The probability mass function

The probability mass function

Say that \(X\) is the result of a coin toss experiment. As we have already discussed with can code the result of the experiment with natural numbers. Here we use 0 for “heads” and 1 for “tails.” If we have a fair coin, we know that \(X\) takes the value \(0\) with probability \(0.5\) and the value \(1\) also with probability \(0.5\). We can write this succinctly as:

\[\begin{split} X = \begin{cases} 0,\;\text{with probability}\;0.5,\\ 1,\;\text{otherwise}. \end{cases} \end{split}\]

But there is another way to write this that is often more convenient. Here it is:

\[ p(X=0) = \text{probability that}\;X\;\text{takes the value}\;0 = 0.5. \]

Now, we can use the obvious rule of probability to get:

\[ p(X=1) = 1 - p(X\not=1) = 1 - p(X=0) = 1 - 0.5 = 0.5. \]

You can now define the following function:

\[ f_X(x) := \text{probability that}\;X\;\text{takes the value}\;x \equiv p(X=x). \]

This is a function associated with the discrete random variable \(X\) (that is why \(X\) is used as a subscript in \(f_X\)). It takes any possible value \(x\) for \(X\) and responds with the probability of \(X\) taking that value. It has a special name. It is called the probability mass function or PMF of the discrete random variable \(X\).


We have silently introduced the following standard notational conventions:

  • Use upper case letters to represent random variables, like \(X, Y, Z\).

  • Use lower case letters to represent the values of random variables, like \(x, y, z\) can take.

The notation \(f_X(x)\) for the PMF is a bit of an overkill in my opinion. It is commonly used in mathematical textbooks where rigor is valued above everything. In practice, now on wants to write or type this many symbols. So, it is a common convention to write \(p(x)\) instead of \(f_X(x)\) when there is no ambiguity.

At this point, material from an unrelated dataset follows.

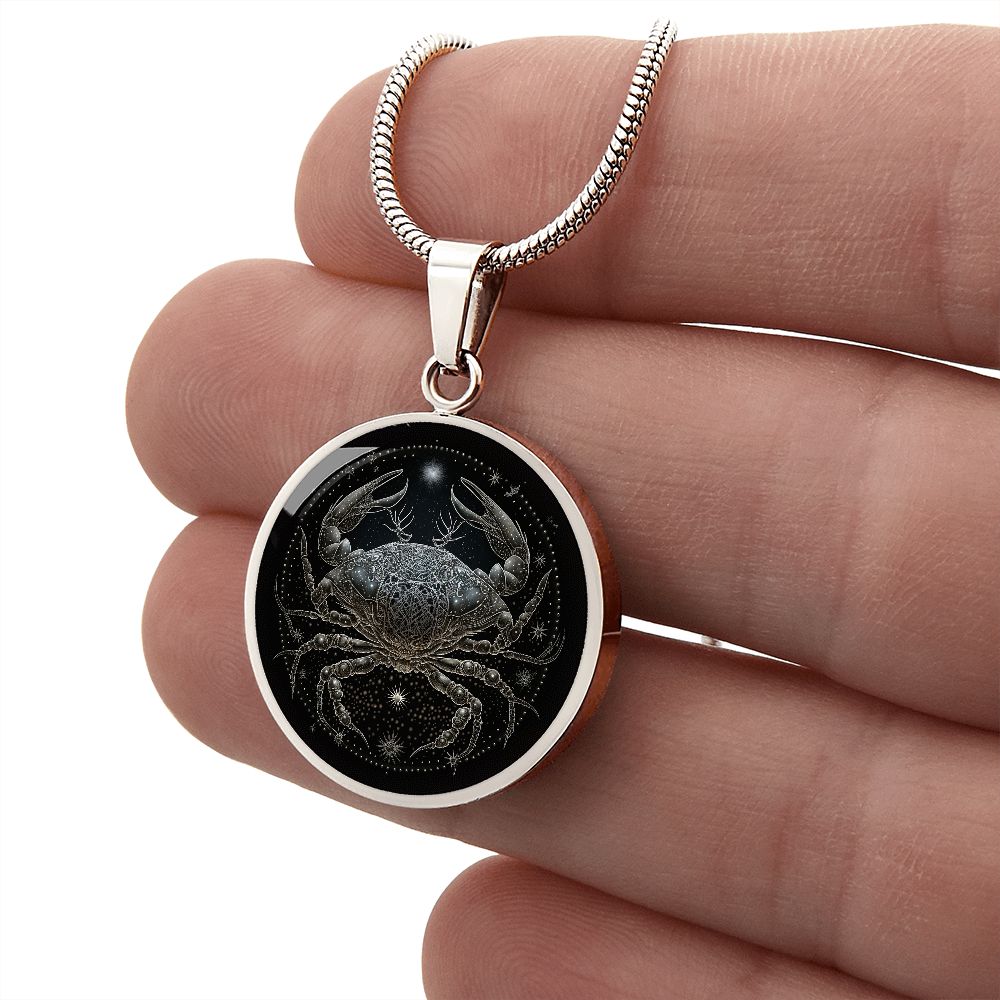Cancer Zodiac Jewelry Pendant Necklace in Liquid Glass - Personalized Engraving Option - Horoscope Birthdates June 21 - July 22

Symbolically, we follow this convention:

\[ p(x) \equiv f_X(x) \equiv p(X=x). \]

In other words, when you see \(p(x)\) we are talking about the PMF of a random variable \(\text{capitalize}(x) = X\) evaluated at \(x\). Similarly, if you see \(p(y)\) we are referring to the PMF of the random variable \(Y\) evaluated at \(y\). However, it meaningless to write \(p(0)\). What does it mean? To which random variable do you refer? \(X\) or \(Y\)? So, in case you want to plug in a specific value you should write \(p(X=0)\) or \(p(Y=0)\), etc.


In everything I write below there is supposed to be some background information \(I\). So, I should be really writing \(p(X=0|I), p(x|I)\), etc. However, since \(I\) remains fixed I decided to drop it from the notation.